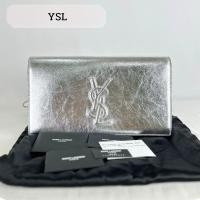 ราคา Metallic silver Clutch Y2017 (26511571427)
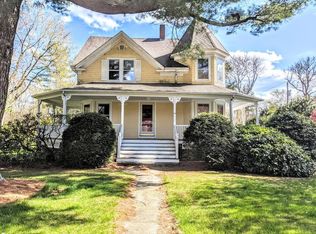 46 Holmes St, Marion, MA 02738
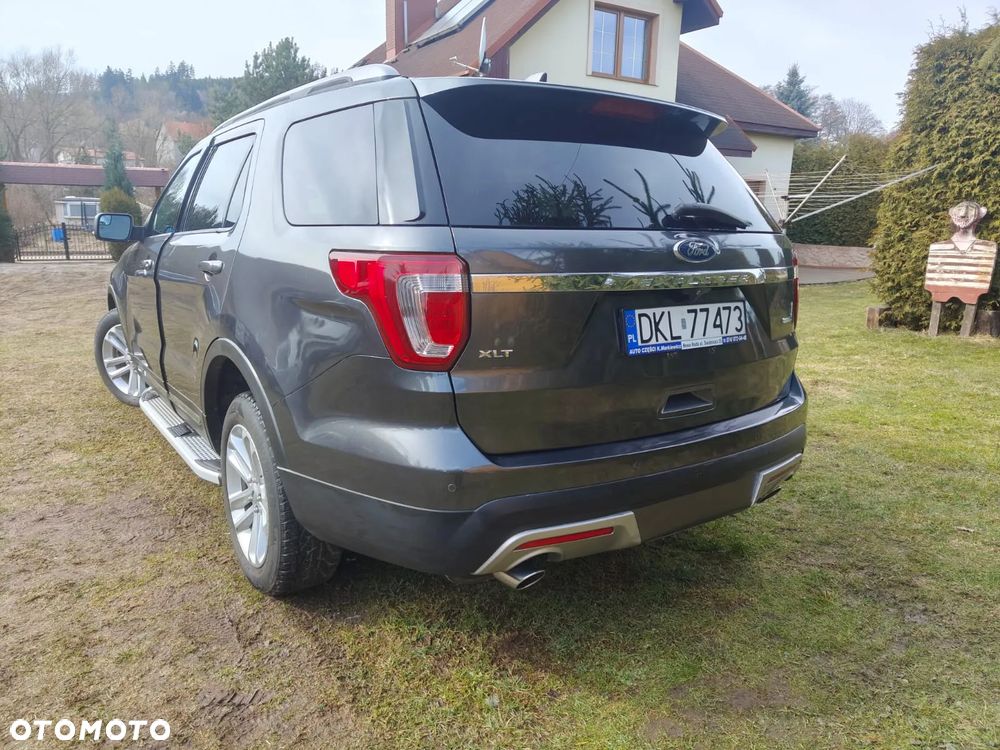 Ford Explorer - 5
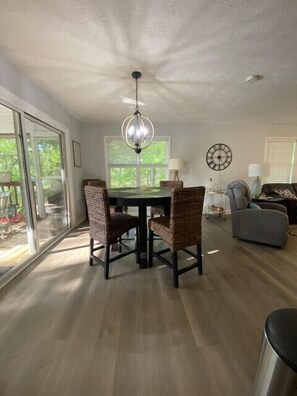 تناول الطعام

*TASK PROMPT*.
When you copy the data above, reproduce each line exactly and skip every image.

*RESULT OF THE EXERCISE*.
 ราคา Metallic silver Clutch Y2017 (26511571427)
 46 Holmes St, Marion, MA 02738
 Ford Explorer - 5
 تناول الطعام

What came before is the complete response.